轟音、つぶやくよう うたう、うたう彼女は
空宙空地
七ツ寺共同スタジオ(愛知県)
2016/11/11 (金) ~ 2016/11/13 (日)公演終了
満足度★★★★★
鑑賞日2016/11/13 (日)
大掛かりな舞台装置を活かした重層的な演出。役者が行き来することで空間と時間の奥行きを感じさせる。光陰矢の如しを地でいく展開のテンポはコミカルでもあり、翻弄される姿は切なくもある。コントラストが非常に効果的でした。
以降、同時上演の短篇も含めて、ネタバレBOXにフルver.の感想を書きました。

ド曇天
fuzzy m. Arts
G/Pit(愛知県)
2016/11/12 (土) ~ 2016/11/13 (日)公演終了
満足度★★★★
鑑賞日2016/11/12 (土)
割と濃い変キャラひしめくコメディ展開。特に失踪長女の経緯なんて奇想天外で面白かった。そ~んな笑いの中で、じわじわ積み重ねて心に沁みてくる家族愛の空気を作り上げるのだから不思議。マイノリティの生き辛さや優しさを感じさせるところも良かった。手持ちの布を使ったスクリーンの演出も良い味。
お父さん役石田さんの、な~んか愛嬌のあるナチュラルに酔っぱらっている様な物言いと佇まいが独特。味わいある。周囲を取り巻く変態?達と渡り合って毒を吐く次女役イーダミサキさんも印象深かったなぁ。あと、出自不明・謎のベンガル部長も少ない出番の中でも印象深く、もっと観たかったな。他の役者の皆さんも良い味が出てて、座組としてよいバランスでした。今回、初めて拝見した劇団でしたが、また別の芝居も観てみたいですね。

楽屋―流れ去るものはやがてなつかしき―
オトナの事情≒コドモの二乗
インディペンデントシアターOji(東京都)
2016/12/23 (金) ~ 2016/12/27 (火)公演終了

女子にしか言えない~プールの底で見た、私の幻燈~
穂の国とよはし芸術劇場PLAT【指定管理者:(公財)豊橋文化振興財団】
穂の国とよはし芸術劇場PLAT アートスペース(愛知県)
2016/11/05 (土) ~ 2016/11/06 (日)公演終了
満足度★★★★
鑑賞日2016/11/06 (日)
作家の創作…と言うより、高校生の等身大の経験や悩みや想いが取り込まれてる感じにとても好感。

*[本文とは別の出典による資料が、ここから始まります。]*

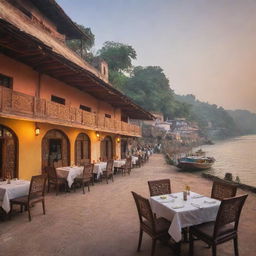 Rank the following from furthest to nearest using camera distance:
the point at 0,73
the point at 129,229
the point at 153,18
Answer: the point at 153,18 < the point at 0,73 < the point at 129,229

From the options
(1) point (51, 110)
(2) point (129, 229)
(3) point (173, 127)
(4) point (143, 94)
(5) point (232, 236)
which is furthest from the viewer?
(3) point (173, 127)

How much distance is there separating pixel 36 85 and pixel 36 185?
610 cm

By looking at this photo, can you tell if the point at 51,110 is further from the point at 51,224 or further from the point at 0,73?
the point at 51,224

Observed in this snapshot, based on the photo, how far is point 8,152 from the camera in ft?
27.7

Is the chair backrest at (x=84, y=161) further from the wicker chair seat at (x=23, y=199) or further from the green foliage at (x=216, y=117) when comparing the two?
the green foliage at (x=216, y=117)

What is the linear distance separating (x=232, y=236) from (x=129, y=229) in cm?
237

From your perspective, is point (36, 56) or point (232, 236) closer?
point (232, 236)

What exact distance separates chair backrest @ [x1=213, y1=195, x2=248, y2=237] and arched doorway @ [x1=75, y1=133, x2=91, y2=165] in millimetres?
10986

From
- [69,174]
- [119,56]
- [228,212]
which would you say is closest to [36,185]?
[69,174]

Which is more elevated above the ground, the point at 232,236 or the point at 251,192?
the point at 232,236

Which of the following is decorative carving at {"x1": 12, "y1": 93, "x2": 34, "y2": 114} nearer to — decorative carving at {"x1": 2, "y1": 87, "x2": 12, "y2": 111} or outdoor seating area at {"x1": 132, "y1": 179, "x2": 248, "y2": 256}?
decorative carving at {"x1": 2, "y1": 87, "x2": 12, "y2": 111}

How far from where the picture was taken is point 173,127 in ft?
A: 230

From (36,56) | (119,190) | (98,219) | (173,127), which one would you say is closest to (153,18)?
(36,56)

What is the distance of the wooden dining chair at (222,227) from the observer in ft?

高校生の役者達にすごく合ってるし気持ちが乗ってる気がする。全く他人なのにカーテンコールの彼ら彼女らの涙目に貰い泣きしそうになった。
こういうクリエイションの定番として、各人にしっかり重きがある群像劇的な構成だけど、やっぱそれでこそ、このキャストが活きるよなぁ。王道で良し。そして、女子中心なタイトルになっているけど、中身はそうでもなかった。父や祖父、そして同世代の男子たちの想いもしっかり練り込まれてて、それゆえ女子の群集が活きた感もあり。結局、運命共同体だしなぁ。感想文の題材となる宮沢賢治の「やまなし」が象徴的にこの群像を映す鏡になっていて、とりとめが無くなりがちな群像劇に一本筋を通している気がしました。
役者で特筆すると、キョどる彼氏役ハルチカ君のインパクトは絶大。怪獣と呼ばれるのもさもありなんだけど、怪獣と対等に渡り合った彼女役の子も大したもんだった。相乗効果だなぁ。あと、神様娘も印象強いな。あんどぅ君も面白かった。女子が群像になるが故、個人は男子が記憶に残る。

やえちゃんと、
妄烈キネマレコード
ナビロフト(愛知県)
2016/11/03 (木) ~ 2016/11/06 (日)公演終了
満足度★★★★★
鑑賞日2016/11/06 (日)
役者陣が時間と空間を縦横無尽に駆け抜けるスーパーハイテンポ・ロボット演劇。コミカルな掛け合いとスピーディな場転を調味料にしながらも、作演・澤井さんの絞り出すような大切な言葉がぎゅうぎゅう詰まっていることが窺い知れる。やや、その数が多いのと展開のスピード感ゆえに一度で全ての流れと関係性を呑み込みきれないトコもあるけど、個々の気持ちがすっごく伝わってくるので、買った台本をじっくり読み返したい。でも、パンフでの「分かられてたまるか」って言葉もイカしてるなぁ(笑)
役者はみんなハマっているので、良いキャスティングだなぁと思う。河内さん、ロボ感と、それと対照的な情愛がよく出てた。久し振りの棚橋さん、経験の背景を色々感じさせる強さが印象的。アンジェさんの口よりもモノを言う眼力、さすが。
平手さん、いつもの不思議キャラから一転、切なさがよく出てた。竹淳さん、独特のマッドサイエンティスト気質が愉快だった。西尾さん、終始重い雰囲気を貫いて、作品でひっくり返すべきラスボス感を形作ってた。ホント2回観たかったよ。DVD化希望

くだんの件
KUDAN Project
三重県文化会館(三重県)
2016/11/05 (土) ~ 2016/11/06 (日)公演終了
満足度★★★★
鑑賞日2016/11/05 (土)
全編に不条理感溢れ、言の葉が舞い踊り、その繋がりが捩れ、連鎖する。めくるめく様に変化しながら、その実、不変の様でもある世界。会話劇であり、コントであり、イリュージョンでもあり・・・ ぐるぐる頭の中を掻き混ぜられる無限ループの中、辿り着いたかに見えたヒトシとタロウの過去と今。自分の頭の中に浮んだイメージがあるんだけど、こういう作品は、頭に浮んだことが全てが真理であり、百人に百個の「くだんの件」があるんだろうなぁ。多様な楽しみを与えてくれました。